> Raw data:
►

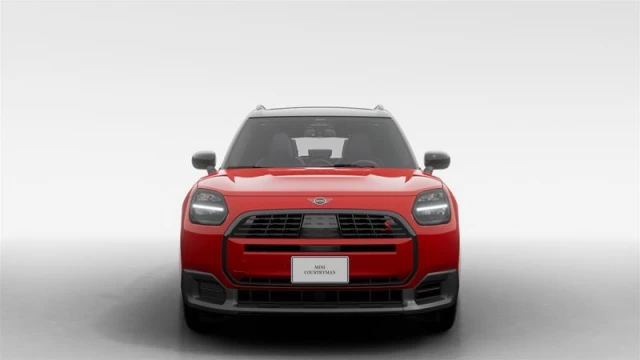 MINI Countryman Cooper S ALL4 2026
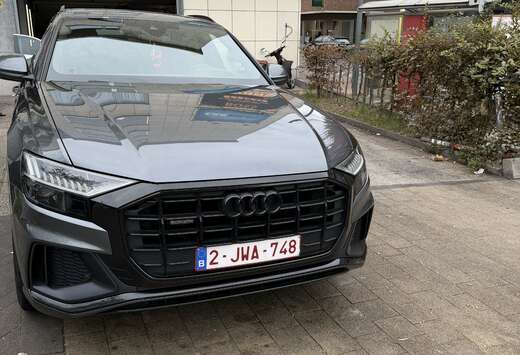 Audi 50 TDi Quattro Tiptronic FULL OPTION !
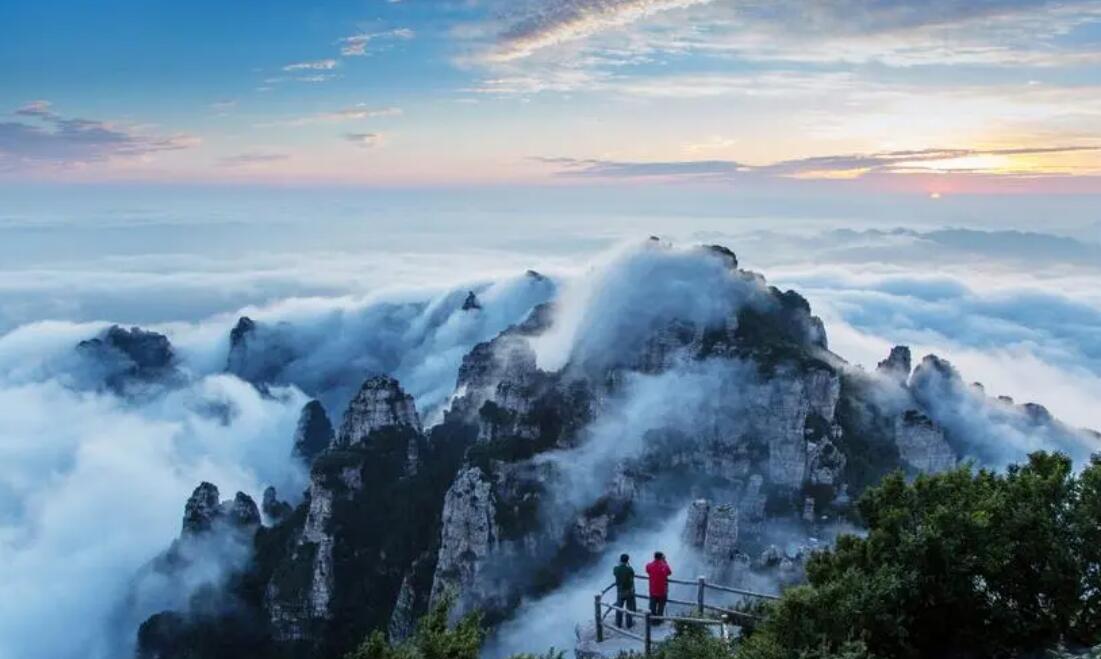 河北有什么吸引人的地方?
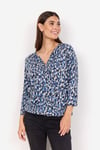 Soyaconcept Felicity 474 Topp Dam Blue Iris Combi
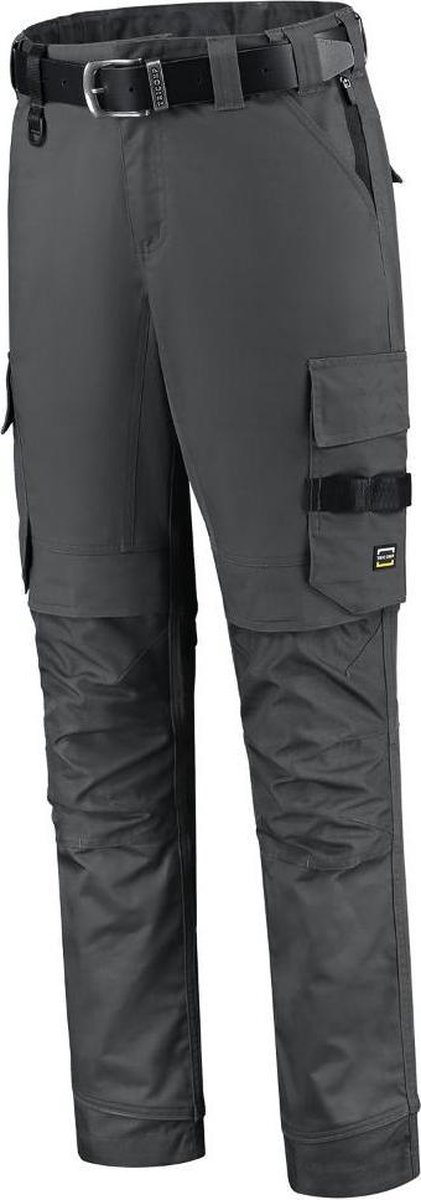 Tricorp Werkbroek Twill Cordura Stretch 502020 Donkergrijs - Maat 54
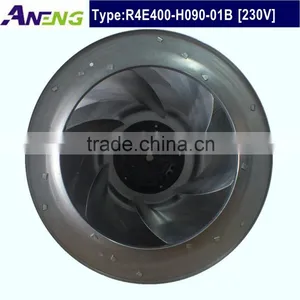400mm Large Airflow ac Fan for Industrial Machine Cooling thumbnail-1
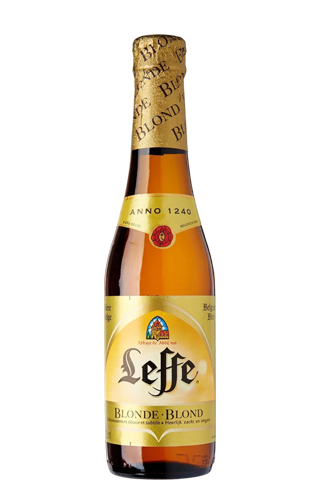Leffe Blonde 6,6% 0,33л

◄

> Task description: Print the records again exactly, without the pictures.

> Solution:
 MINI Countryman Cooper S ALL4 2026
 Audi 50 TDi Quattro Tiptronic FULL OPTION !
 河北有什么吸引人的地方?
 Soyaconcept Felicity 474 Topp Dam Blue Iris Combi
 Tricorp Werkbroek Twill Cordura Stretch 502020 Donkergrijs - Maat 54
400mm Large Airflow ac Fan for Industrial Machine Cooling thumbnail-1
Leffe Blonde 6,6% 0,33л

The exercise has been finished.